Si è conclusa con un bilancio positivo la prima edizione di “Orizzonti in Campo”, il progetto educativo, formativo ed esperienziale promosso dall’impresa sociale Baldo&Riccia, realtà attiva nel cuore dell’Umbria nel campo dell’agricoltura sociale e dell’inclusione.

L’iniziativa ha coinvolto nove persone adulte, di età compresa tra i 18 e i 50 anni, con autismo, disabilità intellettive e disturbi mentali, offrendo loro un percorso costruito attorno alla scoperta delle proprie capacità, all’autonomia personale e alla crescita relazionale, in un ambiente rurale pensato per favorire benessere e accoglienza.

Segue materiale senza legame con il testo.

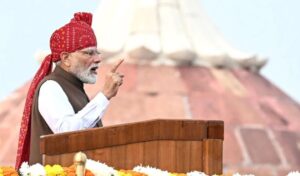 नक्सलवाद से लेकर आत्मनिर्भर भारत तक… PM मोदी ने लाल किले से कही ये बड़ी बातें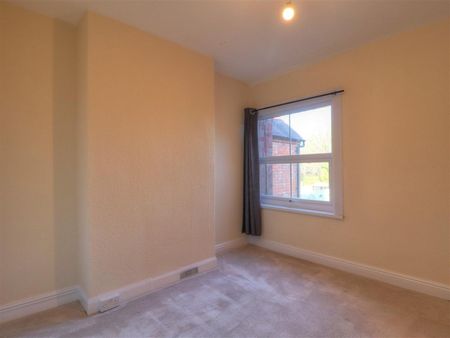 3 BED Terraced House To rent - Photo 3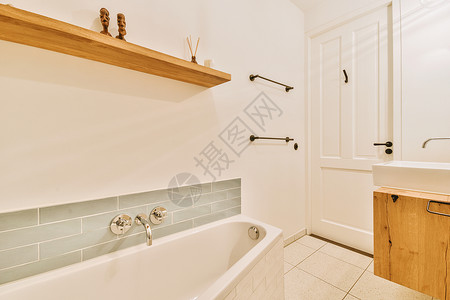石灰和浴浴缸反射水平龙头淋浴镜子卫生卫生间住宅白色房子图片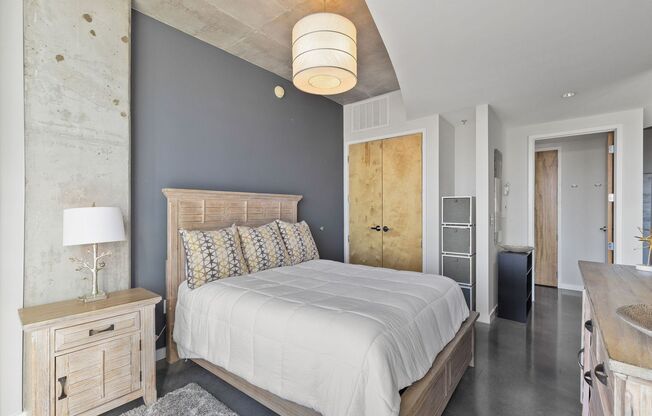1 bed, 1 bath, $2,295, Unit Unit 1816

Più di una semplice azienda agricola, Baldo&Riccia rappresenta oggi un modello di multifunzionalità applicata al sociale: fattoria didattica e sociale, agriturismo e primo centro di interventi assistiti con animali autorizzato come struttura sanitaria dalla Regione Umbria. Un luogo dove il lavoro della terra si intreccia con la cura della persona, nella convinzione che l’agricoltura possa diventare strumento concreto di inclusione attiva, soprattutto nell’ambito della salute mentale.

Durante il percorso, i partecipanti hanno preso parte ad attività pratiche e laboratoriali come giardinaggio, cucina, cura degli animali, bricolage e laboratori artistici. Esperienze che hanno permesso di far emergere attitudini e competenze, sviluppando abilità concrete come la preparazione di alimenti, il confezionamento e l’etichettatura dei prodotti, fino all’accoglienza degli ospiti.

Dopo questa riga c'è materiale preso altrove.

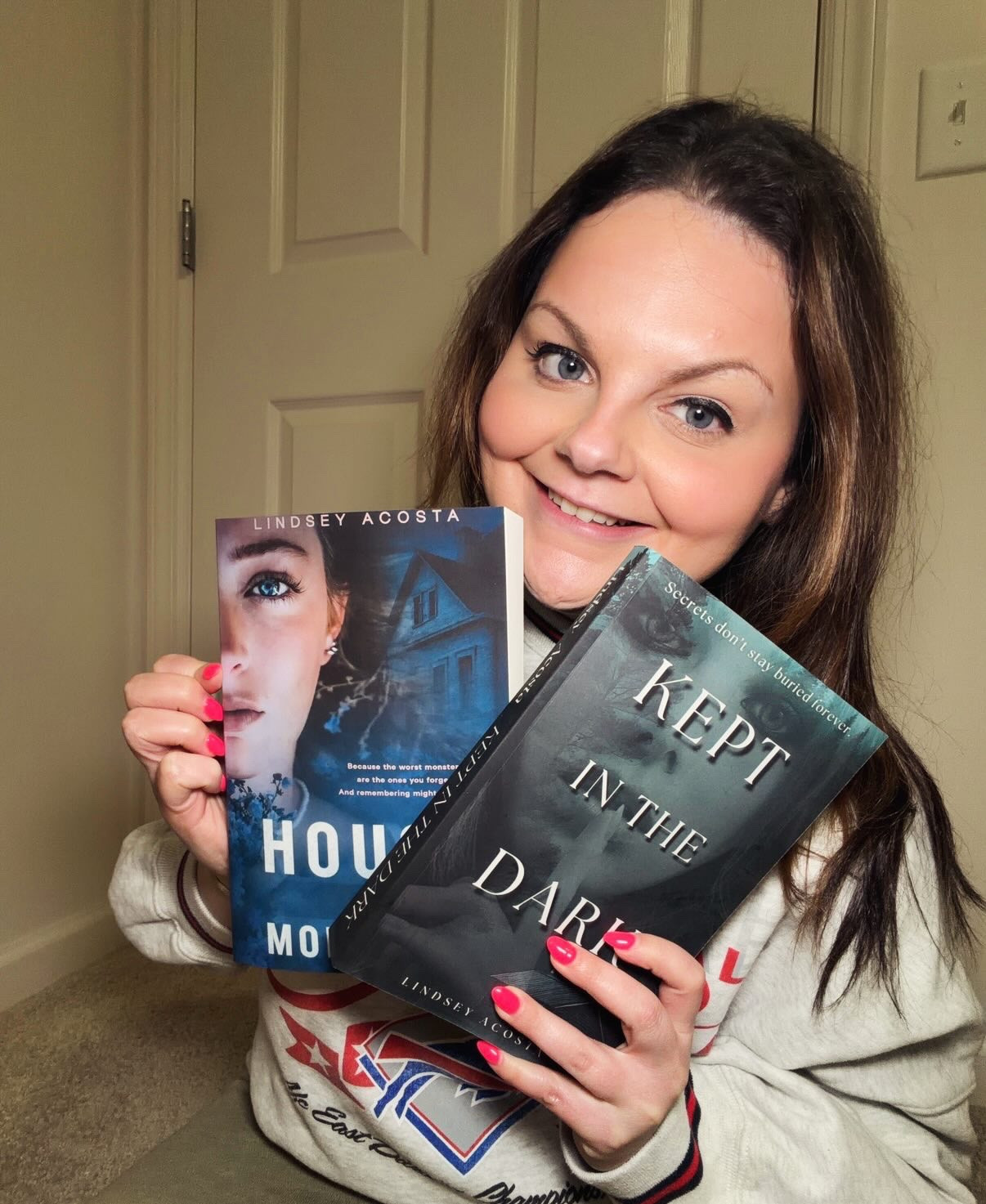 ✌🏼2 FIVE STAR CRIME FICTION RECS✌🏼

Un ruolo centrale è stato svolto anche dalle attività assistite con asini e cani, fondamentali per il rafforzamento della fiducia in sé stessi, nella relazione con gli altri e nella gestione delle emozioni. Il progetto è stato arricchito inoltre da uscite e momenti conviviali che hanno favorito la socializzazione e il senso di appartenenza alla comunità.

“Il bilancio di questa prima edizione è estremamente positivo – spiega Eleonora Fabbroni, ideatrice del progetto e titolare insieme a Claudio Baldelli di Baldo&Riccia –. È stato un percorso fortemente voluto anche dalle famiglie, che chiedevano di riprendere e ampliare attività già sperimentate in passato. Grazie al contributo della Fondazione Perugia, al supporto del Comune di Perugia, della USL Umbria 1 e dell’associazione Liam, siamo riusciti a portare a termine questo primo esperimento con risultati importanti”.

Fabbroni sottolinea come il progetto abbia dimostrato la capacità dei partecipanti di creare inclusione reciproca, sostenersi a vicenda e riconoscere le fragilità degli altri, riscoprendo una condizione di benessere attraverso il fare e l’apprendimento esperienziale.

“Si impara facendo – conclude – e il luogo aiuta: mente distesa, corpo rilassato, benessere ritrovato”.

“Orizzonti in Campo” rappresenta inoltre il primo tassello di un progetto più ampio, l’Accademia delle Autonomie, che punta a strutturare percorsi ancora più completi dedicati all’autonomia e all’inclusione.

Alla giornata conclusiva ha preso parte anche la sindaca di Perugia, Vittoria Ferdinandi, che ha voluto sottolineare il valore umano e sociale dell’esperienza.

“Mi porto dietro da questa giornata la meraviglia e la bellezza di un luogo pensato per la cura e l’inclusione – ha dichiarato –. Qui natura, animali e persone lavorano insieme per restituire qualità della vita a chi vive con una disabilità. È un esempio virtuoso di come si possa costruire una società più giusta e inclusiva”.

Un’esperienza che conferma come l’agricoltura sociale possa diventare uno strumento potente di crescita personale, relazione e partecipazione, trasformando il lavoro quotidiano in un’occasione concreta di dignità e futuro.